Sobre amizades desavisadas…
“Amizade é um amor que nunca morre.”
Mário Quintana.
Era uma vez, um grupo de amigos desavisados. Porque ainda não sabiam que seriam amigos; parecia muito improvável. Eles se encontraram num evento de faculdade. Ou talvez um evento cósmico, tipo o surgimento da vida; difícil saber. O fato é que eles eram pessoas comuns, com defeitos e virtudes, e muito diferentes umas das outras. Mas quando se encontraram, neste evento que não sabemos precisar, aconteceu de se encaixarem quase que perfeitamente, como um quebra-cabeça que se monta sozinho sob o efeito reverso da entropia, após atingido por um raio. E aquilo que antes eram apenas os defeitos de cada um, nesse encontro incerto, se transformou na virtude de todos. E era uma virtude bonita de se ver e viver, tão forte, tão pura, que tocava até as outras pessoas, as que não faziam parte do grupo; mesmo as que nada entendiam sobre virtudes.
Mas como todo evento de faculdade, ou acontecimento cósmico, a dimensão do tempo fez o encontro se desfazer, e eles precisaram se afastar, seguir suas vidas. E assim aconteceu. Mas as marcas que cada um levou, do toque da virtude de todos, permaneciam em cada um deles, de forma que esse afastamento lhes causava uma espécie de… falta; uma síndrome de Estocolmo ao avesso. Por isso era uma enormidade de alegria quando alguns deles, sem aviso, se reencontravam pelos desencontros da vida. Era como se aquela virtude, já mencionada, os abraçasse fortemente; e eles se sentiam novamente revigorados!
Alguns desses amigos, agora cientes que eram amigos, já haviam passado por essa experiência antes. A de se conectar fortemente com um grupo e depois, pelas circunstâncias da vida, se desconectarem. E a lembrança dessa desconexão também lhes causava a falta. Em alguns, até um profundo arrependimento, porque foram eles mesmos o motivo da desconexão, de forma deliberada, no momento, mas com grande pesar depois. E assim eles permaneceram, conectados virtualmente, mas desconectados presencialmente, sempre marcando encontros não realizáveis na esperança de um dia se encontrarem novamente e sentirem novamente a alegria daquela conexão. Eu sei, não é bom usar muitos advérbios…

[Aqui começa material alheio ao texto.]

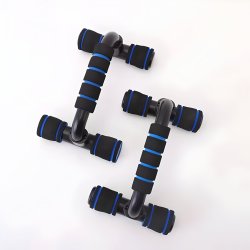M002F  UCHWYTY PODPÓRKI DO POMPEK PUSH UP POMPKI 2SZT DO ROBIENIA ĆWICZEŃ - S080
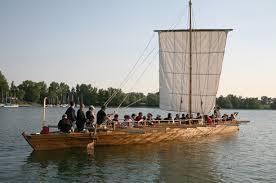 das Römerschiff Lusoria Rhenana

Mas aconteceu que um dos participantes do grupo morreu, sem nenhum aviso, exatamente como a morte finge ser, desavisada. Porém, na verdade, é deselegante na chegada desacompanhada e na partida acompanhada. E, no momento em que a morte levou aquele amigo desavisado, todos os outros amigos sentiram um abismo se abrir em seus peitos; alguns sentiram na hora, como uma punhalada, rápida. Outros, apenas um leve incômodo, como uma lâmina que entra aos poucos, que só depois foi sentida como a verdadeira falta. E por isso, se entristeceram, profundamente. Sofreram pela ausência repentina, sofreram pela percepção das constantes promessas descumpridas de se reencontrarem e por fim, sofreram pela perspectiva futura da certeza das novas ausências.

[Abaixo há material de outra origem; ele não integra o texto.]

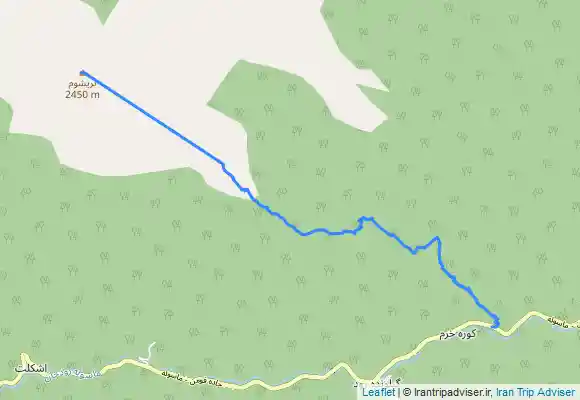 ترک جی پی اس تریشم از سقی بن ( سخیبن )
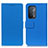 Custodia Portafoglio In Pelle Cover con Supporto M08L per Oppo A54 5G Blu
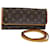 LOUIS VUITTON Monogram Pochette Twin GM Shoulder Bag M51852 LV Auth cl829 Cloth  ref.1373039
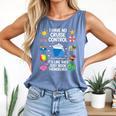 Women's I Have No Control On A Cruise They Book Themselves Cruise Comfort Colors Tank Top Blue Jean Women's I Have No Control On A Cruise They Book Themselves Cruise Comfort Colors Tank Top Blue Jean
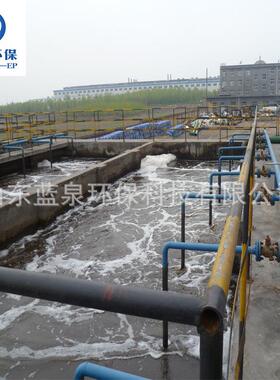 纺织印染污水处理系统 水洗牛仔废水处理 项目提标改造 达标排放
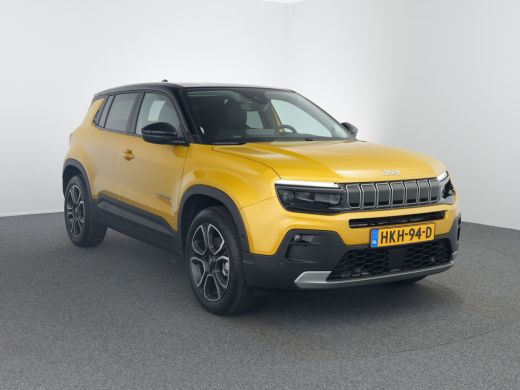 Jeep Avenger Summit 54 kWh | Achteruitrijcamera | Apple Carplay/Android Auto|telefoonintegratie premium | Crui... ActivLease financial lease
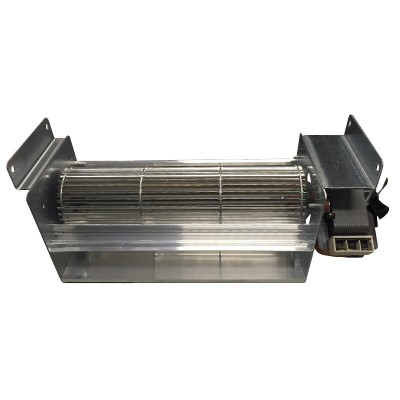 Tangenciális ventilátor Fergas pellet kályhákhoz Edilkamin és egyéb Ø80 mm-es, áramlási sebesség 337 m³/h - Fergas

Então, eles prometeram se reencontrar pelo menos uma vez por ano, na mesma data de partida daquele primeiro amigo, agora ausente. E assim fizeram, até que só restasse apenas um deles. E a cada encontro eram alegrias e tristezas compartilhadas que se somavam a menos, como um conta-gotas, num equilíbrio permitido apenas pela graça de nossa senhora da bicicletinha; até o dia em que só restou um. E quando este dia chegou, a última pessoa amiga do grupo sentiu uma solidão tão incomensurável, provavelmente uma que nenhum outro ser humano jamais sentiu em toda a existência da humanidade na Terra! E naquele lugar vazio, abismo de ausência, lembranças felizes e dor, a morte, que já a sobrevoava impassível, pela primeira vez se compadeceu de um ser vivente e, como quem pedisse desculpas, tão logo a levou.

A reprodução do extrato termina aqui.